By this time, the automatic sensor on the back of the toilet is so confused that it flushes, propelling a stream of water like a fire hose against the inside of the bowl and spraying a fine mist of water that covers your bum and runs down your legs and into your shoes. 
The flush somehow sucks everything down with such force and you grab onto the empty toilet paper dispenser for fear of being dragged in too. 
At this point, you give up. You're soaked by the spewing water and the wet toilet seat. You're exhausted.

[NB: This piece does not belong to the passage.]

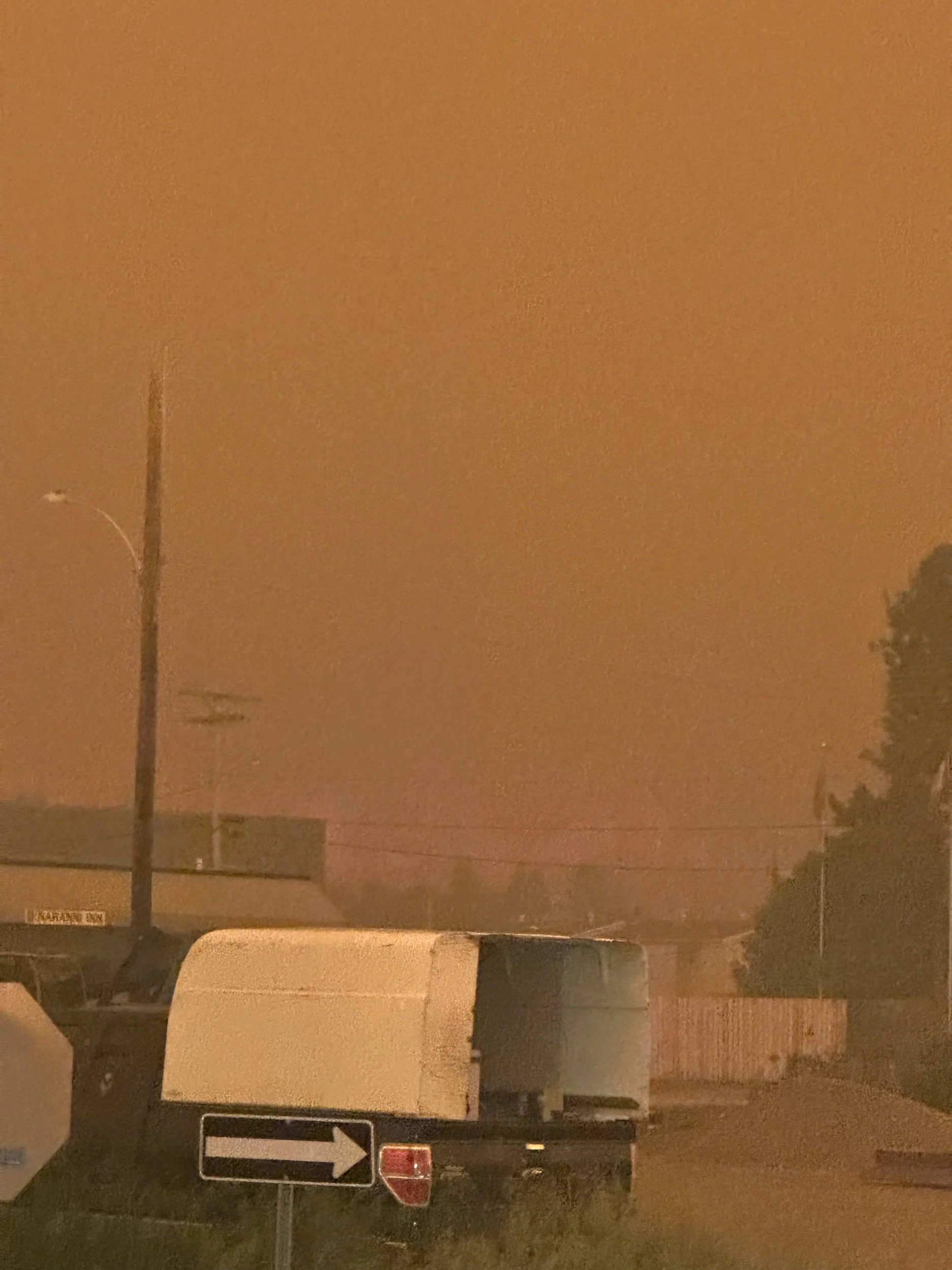 June 30: a firestorm approaches Fort Simpson from the west, visible through thick smoke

You try to wipe with a sweet wrapper you found in your pocket and then slink out inconspicuously to the sinks. 
You can't figure out how to operate the taps with the automatic sensors, so you wipe your hands with spit and a dry paper towel and walk past the line of women still waiting 
You are no longer able to smile politely to them. A kind soul at the very end of the line points out a piece of toilet paper trailing from your shoe. (Where was that when you NEEDED it?) 
You yank the paper from your shoe, plonk it in the woman's hand and tell her warmly, 'Here, you just might need this. 
As you exit, you spot your hubby, who has long since entered, used and left the men's toilet. Annoyed, he asks, 'What took you so long and why is your bag hanging around your neck? 
This is dedicated to women everywhere who deal with any public toilets. It finally explains to the men what really does take us so long. It also answers that other commonly asked question about why women go to the toilets in pairs. It's so the other girl can hold the door, hang onto your bag and hand you Kleenex under the door. 
This HAD to be written by a woman! No one else could describe it so accurately.


----------



## Techno100 (May 8, 2010)

The moral is NEVER go out without tissues in that big bag around your neck :lol:

I just read your post to wifey and it all rang true and she's laughing


----------



## Grizzly (May 9, 2005)

So true that I've even seen a device for sale that you stick on the loo wall and hang your bag from.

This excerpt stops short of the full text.